---- EXTRACTED DATA

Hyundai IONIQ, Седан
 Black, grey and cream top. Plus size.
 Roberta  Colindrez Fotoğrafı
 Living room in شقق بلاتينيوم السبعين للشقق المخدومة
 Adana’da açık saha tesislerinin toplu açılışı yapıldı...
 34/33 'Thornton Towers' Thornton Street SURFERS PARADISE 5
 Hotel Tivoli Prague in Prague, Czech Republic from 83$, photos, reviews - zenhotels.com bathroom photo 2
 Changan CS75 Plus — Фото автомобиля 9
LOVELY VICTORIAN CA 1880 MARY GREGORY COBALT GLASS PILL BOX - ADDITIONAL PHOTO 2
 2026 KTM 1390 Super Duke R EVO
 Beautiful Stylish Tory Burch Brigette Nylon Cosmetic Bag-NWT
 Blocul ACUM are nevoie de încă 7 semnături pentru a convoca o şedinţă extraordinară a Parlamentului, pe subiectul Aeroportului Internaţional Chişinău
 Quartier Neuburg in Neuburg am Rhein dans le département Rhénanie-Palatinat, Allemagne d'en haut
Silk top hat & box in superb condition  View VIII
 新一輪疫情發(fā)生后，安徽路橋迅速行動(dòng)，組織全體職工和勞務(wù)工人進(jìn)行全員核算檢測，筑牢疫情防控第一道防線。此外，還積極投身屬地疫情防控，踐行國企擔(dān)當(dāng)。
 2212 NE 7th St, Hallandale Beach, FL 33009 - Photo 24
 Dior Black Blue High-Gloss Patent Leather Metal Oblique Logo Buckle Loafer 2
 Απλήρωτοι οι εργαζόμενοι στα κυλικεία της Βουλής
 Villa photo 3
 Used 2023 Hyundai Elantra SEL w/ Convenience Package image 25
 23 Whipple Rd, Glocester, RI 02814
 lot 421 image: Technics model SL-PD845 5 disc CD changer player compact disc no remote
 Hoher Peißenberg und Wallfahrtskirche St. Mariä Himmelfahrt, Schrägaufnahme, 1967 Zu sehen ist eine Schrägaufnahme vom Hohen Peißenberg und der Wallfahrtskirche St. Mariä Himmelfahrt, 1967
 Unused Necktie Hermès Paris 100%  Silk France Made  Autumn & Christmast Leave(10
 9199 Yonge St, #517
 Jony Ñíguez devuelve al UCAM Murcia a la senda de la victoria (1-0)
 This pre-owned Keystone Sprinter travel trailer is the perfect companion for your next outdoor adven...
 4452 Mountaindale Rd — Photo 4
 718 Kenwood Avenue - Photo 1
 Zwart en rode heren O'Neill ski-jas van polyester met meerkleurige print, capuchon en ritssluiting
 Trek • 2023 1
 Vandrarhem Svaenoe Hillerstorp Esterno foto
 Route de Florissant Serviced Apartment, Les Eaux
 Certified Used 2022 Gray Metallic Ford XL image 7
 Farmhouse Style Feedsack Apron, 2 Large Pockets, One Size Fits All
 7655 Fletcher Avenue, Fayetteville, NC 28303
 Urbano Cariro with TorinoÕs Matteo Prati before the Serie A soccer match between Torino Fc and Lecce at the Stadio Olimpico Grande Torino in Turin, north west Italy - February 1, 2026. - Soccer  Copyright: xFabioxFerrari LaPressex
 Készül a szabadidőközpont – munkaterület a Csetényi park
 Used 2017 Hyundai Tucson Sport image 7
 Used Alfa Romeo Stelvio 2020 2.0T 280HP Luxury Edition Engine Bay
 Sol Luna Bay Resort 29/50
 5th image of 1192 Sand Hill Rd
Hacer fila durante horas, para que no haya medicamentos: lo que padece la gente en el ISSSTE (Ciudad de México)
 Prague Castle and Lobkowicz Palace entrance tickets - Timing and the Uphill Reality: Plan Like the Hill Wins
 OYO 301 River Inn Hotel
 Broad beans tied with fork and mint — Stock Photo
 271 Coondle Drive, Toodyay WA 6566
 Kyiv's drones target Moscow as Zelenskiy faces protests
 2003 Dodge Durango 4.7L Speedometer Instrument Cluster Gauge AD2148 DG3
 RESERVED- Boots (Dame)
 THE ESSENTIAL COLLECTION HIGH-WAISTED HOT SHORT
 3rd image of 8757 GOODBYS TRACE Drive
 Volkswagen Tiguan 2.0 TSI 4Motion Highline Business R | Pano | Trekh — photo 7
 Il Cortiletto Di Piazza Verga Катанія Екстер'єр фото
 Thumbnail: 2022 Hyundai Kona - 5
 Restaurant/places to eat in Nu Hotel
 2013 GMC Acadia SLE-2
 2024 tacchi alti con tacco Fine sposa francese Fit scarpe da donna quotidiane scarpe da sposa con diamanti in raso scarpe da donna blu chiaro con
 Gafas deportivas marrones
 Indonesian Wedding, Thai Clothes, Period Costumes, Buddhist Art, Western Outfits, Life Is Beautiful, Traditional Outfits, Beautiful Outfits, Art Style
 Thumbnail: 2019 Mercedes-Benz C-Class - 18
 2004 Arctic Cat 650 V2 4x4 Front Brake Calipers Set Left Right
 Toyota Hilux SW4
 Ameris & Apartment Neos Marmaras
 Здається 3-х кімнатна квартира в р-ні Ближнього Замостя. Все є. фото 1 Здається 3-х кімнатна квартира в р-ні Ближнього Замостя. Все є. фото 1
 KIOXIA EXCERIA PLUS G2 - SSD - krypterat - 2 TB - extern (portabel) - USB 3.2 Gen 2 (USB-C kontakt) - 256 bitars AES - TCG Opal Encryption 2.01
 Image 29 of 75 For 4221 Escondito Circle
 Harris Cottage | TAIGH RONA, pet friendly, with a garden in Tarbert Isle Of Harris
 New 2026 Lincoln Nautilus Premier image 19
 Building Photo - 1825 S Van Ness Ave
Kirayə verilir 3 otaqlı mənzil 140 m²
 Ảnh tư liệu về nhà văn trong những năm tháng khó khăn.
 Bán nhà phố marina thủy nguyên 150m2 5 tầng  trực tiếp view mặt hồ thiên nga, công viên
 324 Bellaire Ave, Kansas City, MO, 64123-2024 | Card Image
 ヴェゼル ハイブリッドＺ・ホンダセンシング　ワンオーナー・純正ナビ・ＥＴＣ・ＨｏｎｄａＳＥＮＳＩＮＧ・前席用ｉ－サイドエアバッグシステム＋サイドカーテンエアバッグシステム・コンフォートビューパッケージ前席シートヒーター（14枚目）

--------

**BRIEF**
Among the records above, only the lines between the line holding "Zwart en rode" and the line holding "7655 Fletcher Avenue, Fayetteville, NC 28303", inclusive, are to be output, exactly as written.

**WRITTEN SOLUTION**
 Zwart en rode heren O'Neill ski-jas van polyester met meerkleurige print, capuchon en ritssluiting
 Trek • 2023 1
 Vandrarhem Svaenoe Hillerstorp Esterno foto
 Route de Florissant Serviced Apartment, Les Eaux
 Certified Used 2022 Gray Metallic Ford XL image 7
 Farmhouse Style Feedsack Apron, 2 Large Pockets, One Size Fits All
 7655 Fletcher Avenue, Fayetteville, NC 28303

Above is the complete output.